(EXERCISE INPUTS begins)

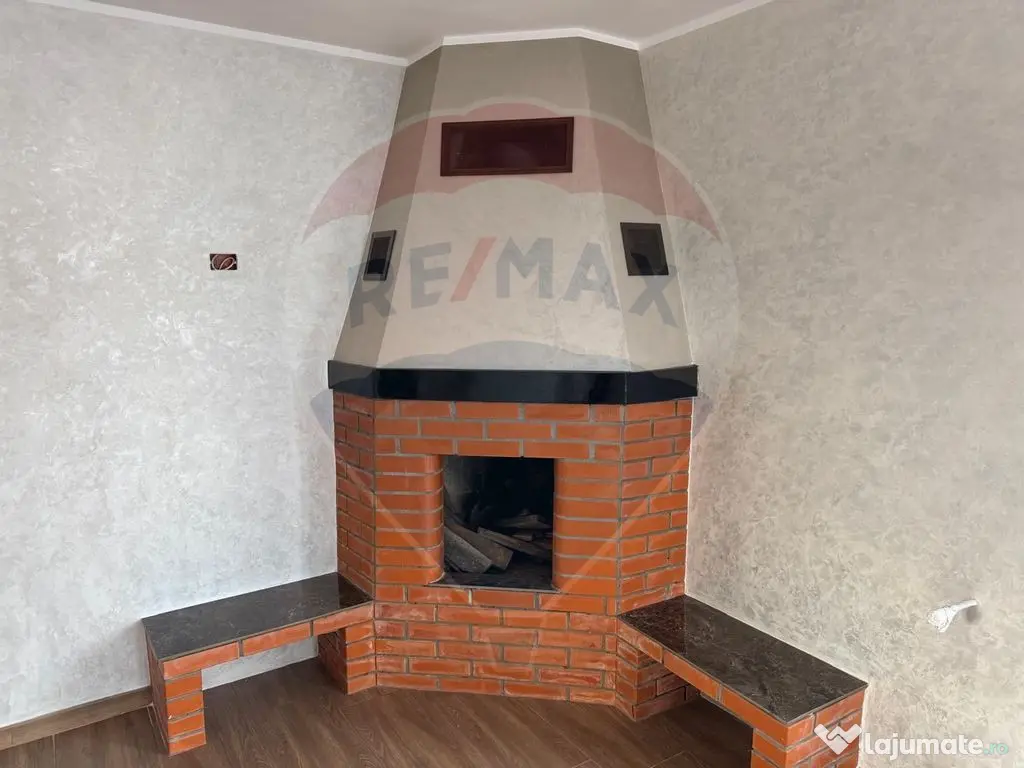 Casa si teren zona Balaurul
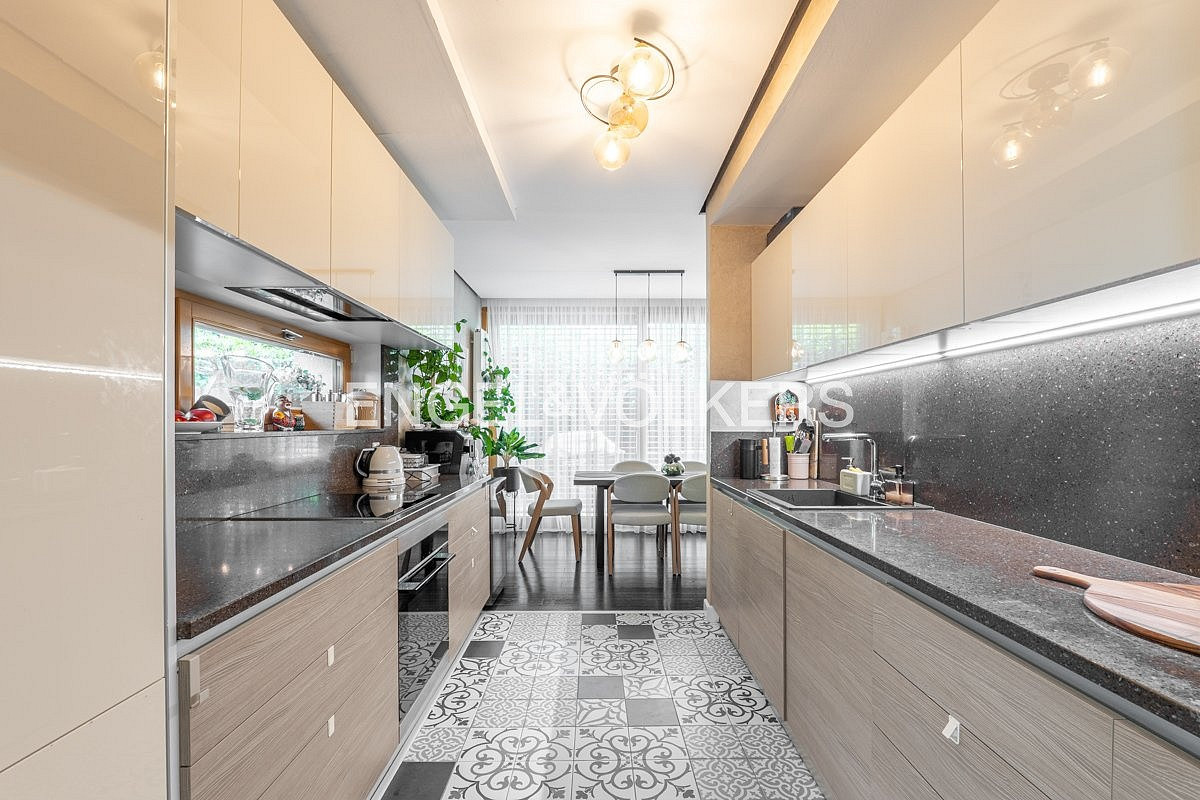 Pronájem bytu 4+1 151 m² — photo 3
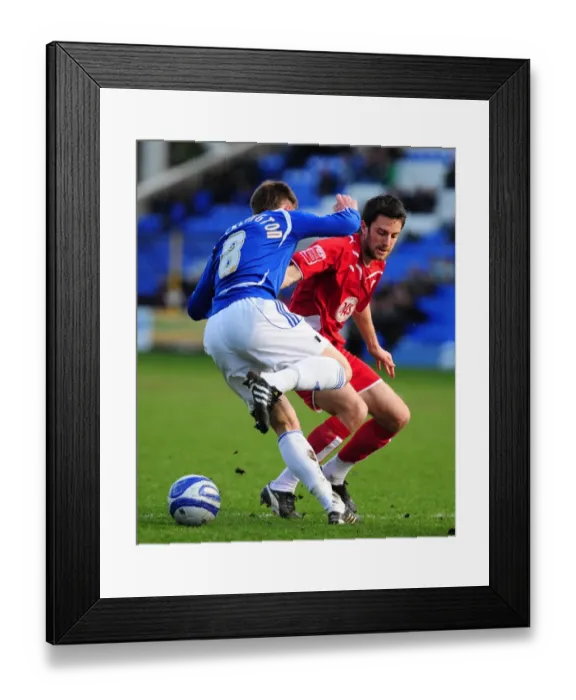 Framed Print : Battling for Championship Supremacy: Cole Skuse vs. Lee Frecklington, 2010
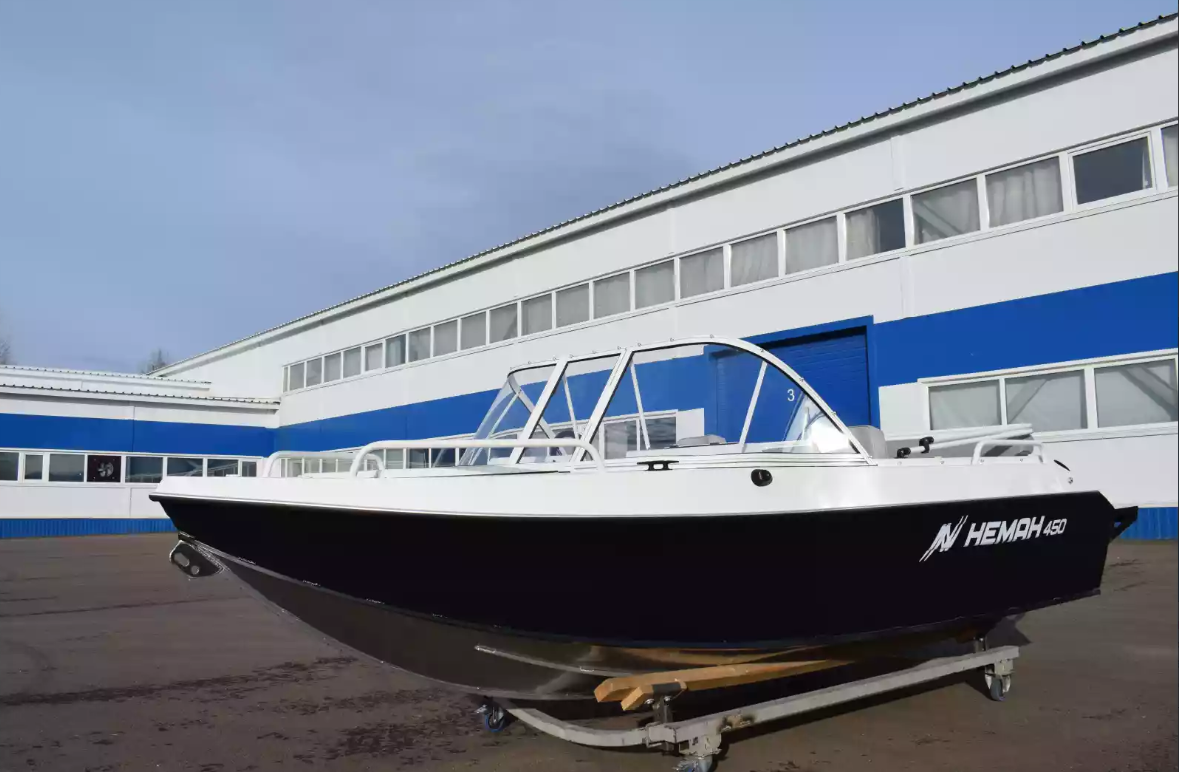 Алюминиевый катер Неман-450 в Нижнем Новгороде
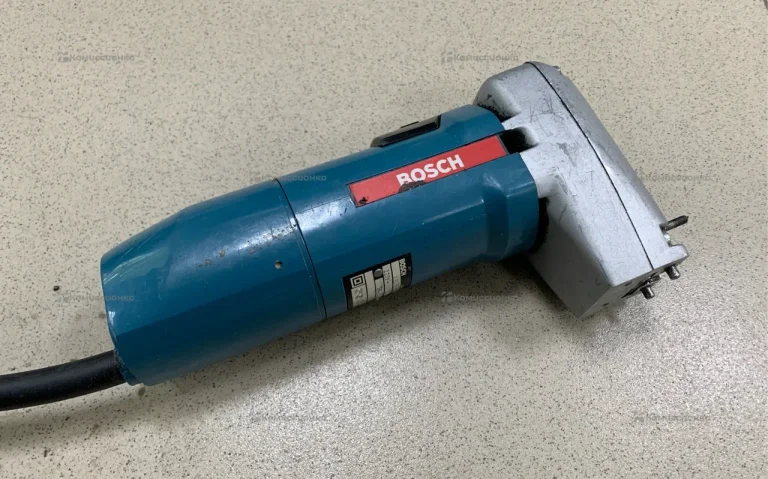 пила по пеноматериалам Bosch GSG 300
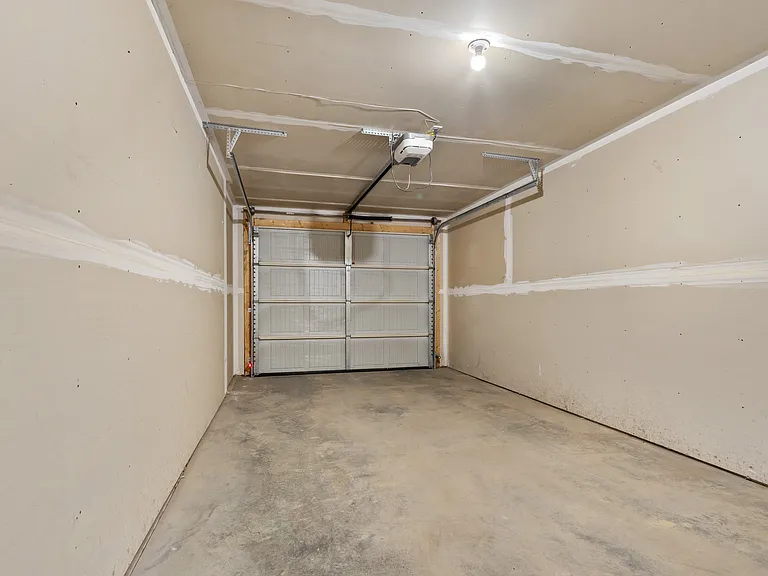 100 S Augusta Pl — Photo 20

(EXERCISE INPUTS ends)

WHAT THIS TASK INVOLVES ->
Restate all of the material above word for word. Pictures do not belong in it.

FINAL ANSWER ->
 Casa si teren zona Balaurul
 Pronájem bytu 4+1 151 m² — photo 3
 Framed Print : Battling for Championship Supremacy: Cole Skuse vs. Lee Frecklington, 2010
 Алюминиевый катер Неман-450 в Нижнем Новгороде
 пила по пеноматериалам Bosch GSG 300
 100 S Augusta Pl — Photo 20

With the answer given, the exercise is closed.